A few times a year, I get together with my fellow education managers at two other utilities: Aurora Water and the city of Boulder. We compare notes, toss around new ideas and generally pontificate on the best ways to develop the next generation of water citizens.
We call ourselves The Three Amigos.
At one of our sessions in 2012, we talked about finding new ways of reaching audiences bigger than a classroom. How could we reach students more efficiently? Was there a better way to hold the attention of 300 sixth-graders than standing and talking at them?
After all, just getting them to pay attention at that age, let alone learn anything, can be like herding three-legged, blind mountain lions. Surely it was be possible, but how?
What about learning disguised as entertainment? Aurora and Boulder had been using theatrical elements in their programs for years. But the sing-alongs and puppet shows they provided for sweet third-graders wouldn’t fit the bill for grizzled middle-school veterans.
We needed pros.
And we found them, in the One World One Water Center for Urban Water Education and Stewardship at Metropolitan State University of Denver. (That’s OWOW for short, pronounced, “Oh Wow!”)
We knew OWOW’s program, newly formed in 2012, offered an interdisciplinary, hands-on Water Studies minor for students from diverse backgrounds and in any major. What if they could help?
So the three amigos trudged over to program director Tom Cech’s office at the Auraria Campus and asked. Absolutely, was his answer, and he soon roped in Dr. Marilyn “Cookie” Hetzel, chair of MSU Denver’s renowned theater department. The three amigos were now five.
After nearly three years of work and a few setbacks, we developed and cofunded a semester-long theater class that would audition and train a dozen budding MSU Denver thespians and teach them about water at the same time. Their assignment: to write, produce and deliver a short skit about water-wise practices in Colorado for sixth-graders in each utility’s service area.
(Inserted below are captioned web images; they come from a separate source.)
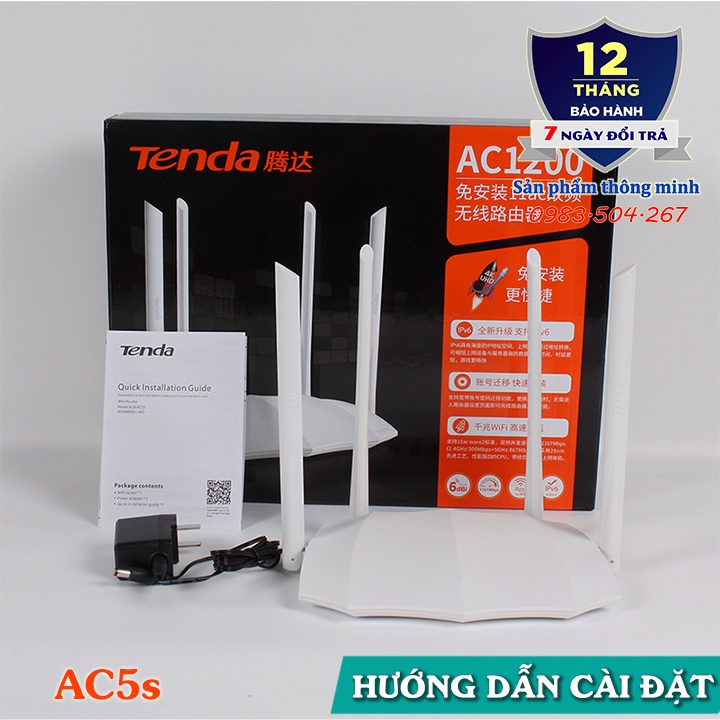 Bộ phát Wifi Router Tenda AC5s/AC6/AC7/AC8/AC10/AC11 - Chuẩn AC1200 - 2 băng tần 2,4GHz và 5GHz - Giao diện Tiếng Anh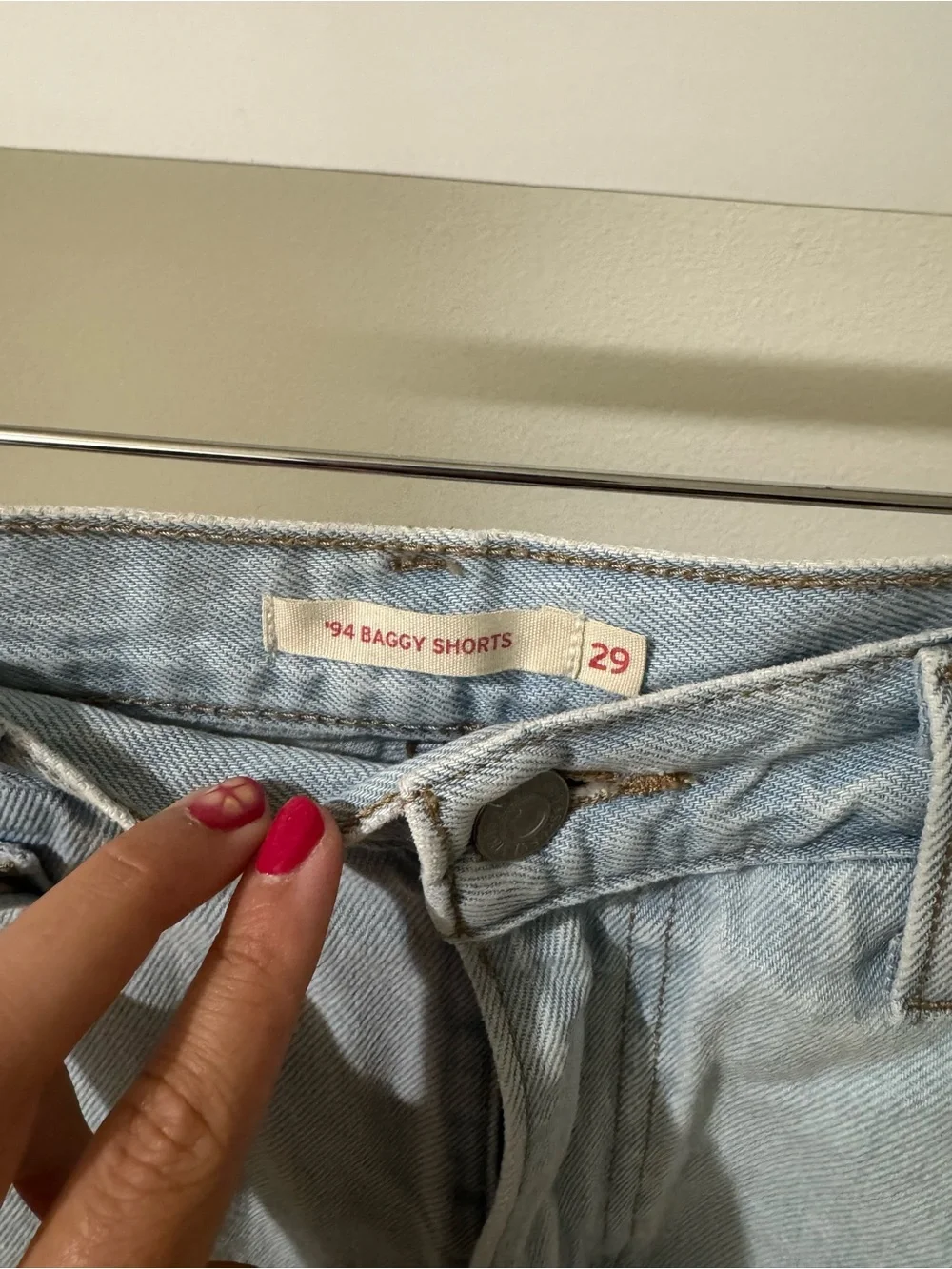 Levi's Light Blue Baggy Denim Shorts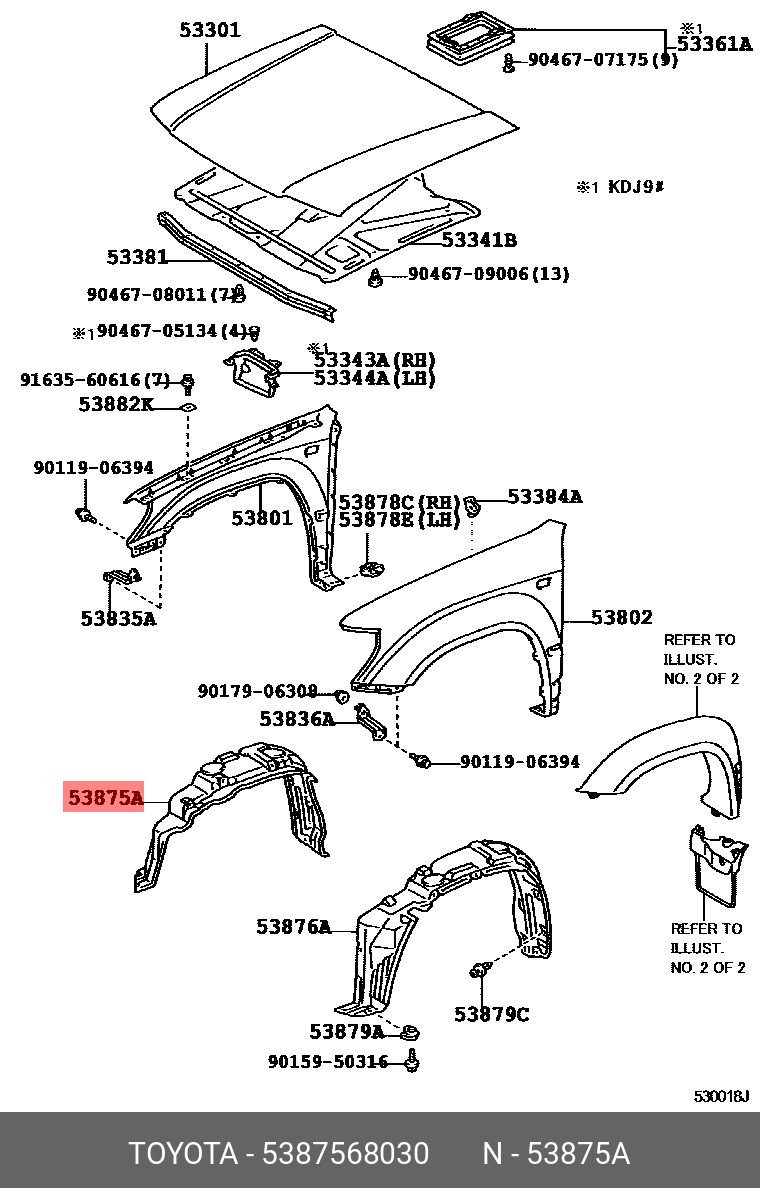 53875-68030 GENUINE TOYOTA 5387568030, WISH 200903-201711, ZGE2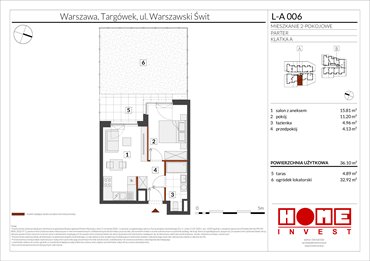 rzut mieszkanie na sprzedaż 36m2 mieszkanie Warszawa, Targówek, ul. Warszawski Świt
Their challenge: to make it entertaining and thought provoking without using props, for an audience whose attention span can be measured in nanoseconds.
The actors did just that. After a two-session utility-led crash course on water in Colorado, they spent the remainder of the semester putting together a witty, informative, sixth-grader-approved gem they named Water Wise Circa 2015.
They took it on the road and performed it nearly 20 times to more than 4,000 students and adults in Aurora, Boulder and Denver schools, and at water festivals.
Water Wise Circa 2015 was so popular that the amigos secured matching funds from the Colorado Water Conservation Board to create a troupe to deliver the skit again at water festivals hosted by Aurora Water, Boulder and Denver Water this spring.
The cast enthusiastically reassembled, including several members who already have graduated. They also continue to share water-related information via their cast Facebook page.
In March, the Colorado Alliance for Environmental Education awarded the Water Wise project its 2015 Innovative Environmental Education Program Award. It’s not exactly a Tony Award, but all involved agreed: Entertaining people is one thing, but entertaining them into learning is really satisfying.